Ucla team converts global warming gas CO2 into building material

The research needs to be upscaled for commercial application.

By capturing greenhouse gas carbon dioxide from power plants and turning it into a building material using 3D printing, researchers at UCLA Luskin are attempting an 'upcycling' to kill two climate enemies. Production of concrete from cement contributes to 5 percent of global CO2 while power plants emit a much larger amount of the gas, known to cause global warming.

"What this technology does is take something that we have viewed as a nuisance — carbon dioxide that's emitted from smokestacks — and turn it into something valuable," said J.R. DeShazo, professor of Public Policy at the UCLA Luskin School of Public Affairs and director of the UCLA Luskin Center for Innovation.

Earlier attempts by researchers have only looked at capturing the gas from power plants and at the most burying it.

The new building material — CO2NCRETE —has been produced only at a lab scale, using 3D printers to shape it into tiny cones. The challenge lies in scaling it up and making it commercially viable., and also convincing stakeholders.

DeShazo has provided the public policy and economic guidance for this research. The scientific contributions have been led by Gaurav Sant, associate professor and Henry Samueli Fellow in Civil and Environmental Engineering; Richard Kaner, distinguished professor in Chemistry and Biochemistry, and Materials Science and Engineering; Laurent Pilon, professor in Mechanical and Aerospace Engineering and Bioengineering; and Matthieu Bauchy, assistant professor in Civil and Environmental Engineering.

"We can demonstrate a process where we take lime and combine it with carbon dioxide to produce a cement-like material," Sant said. "The big challenge we foresee with this is we're not just trying to develop a building material. We're trying to develop a process solution, an integrated technology which goes right from CO2 to a finished product."

Taking 3D printing from the lab setting where resolution is important to construction scale is also a challenge, he admitted.

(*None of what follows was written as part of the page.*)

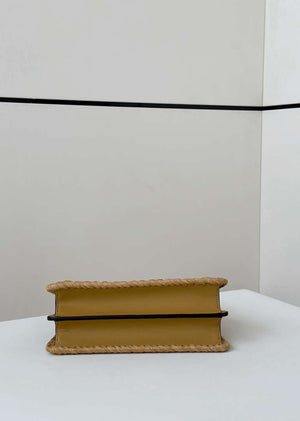 Fendi 8BN327 Peekaboo ISeeU Small Sand leather and interlaced fibre bag 80169M - Default Title - View 3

The researchers are excited about what the work implies for reducing greenhouse gas across the world.

The month of February was the hottest on record registering a 1.5 deg rise in temperature over the pre-industrial period while average temperatures across the Northern Hemisphere breached the 2 degrees Celsius above "normal" mark for the first time in recorded history.

A two degree rise over pre-industrial era marks the point of no-return beyond which irreversible climate change is expected to affect the planet catastrophically.